#### EXTRACTED MATERIAL ####

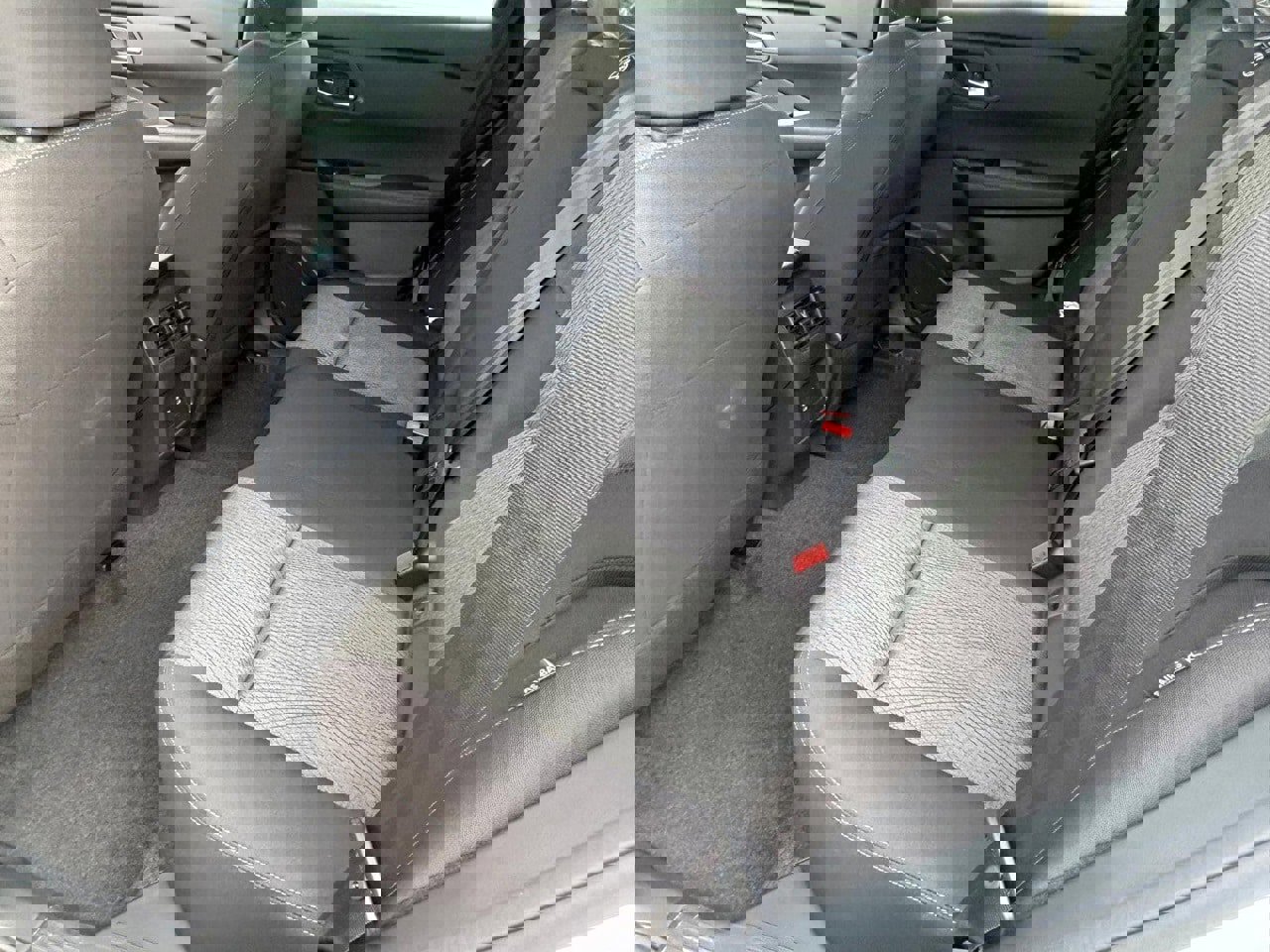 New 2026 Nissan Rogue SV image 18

####
#### EXTRACTED MATERIAL ####

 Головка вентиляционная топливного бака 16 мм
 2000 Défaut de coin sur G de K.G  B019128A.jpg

####
#### EXTRACTED MATERIAL ####

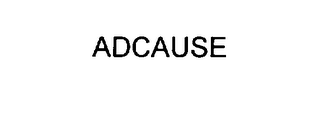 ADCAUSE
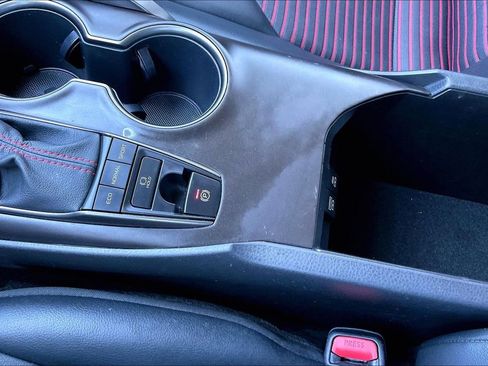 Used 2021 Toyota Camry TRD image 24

####

WHAT THE TASK REQUIRES:
Retype exactly the lines of the data above that fall between the line with "Головка вентиляционная топливного бака 16 мм" and the line with "2000 Défaut de", inclusive, and add nothing.

THE COMPLETED TASK:
 Головка вентиляционная топливного бака 16 мм
 2000 Défaut de coin sur G de K.G  B019128A.jpg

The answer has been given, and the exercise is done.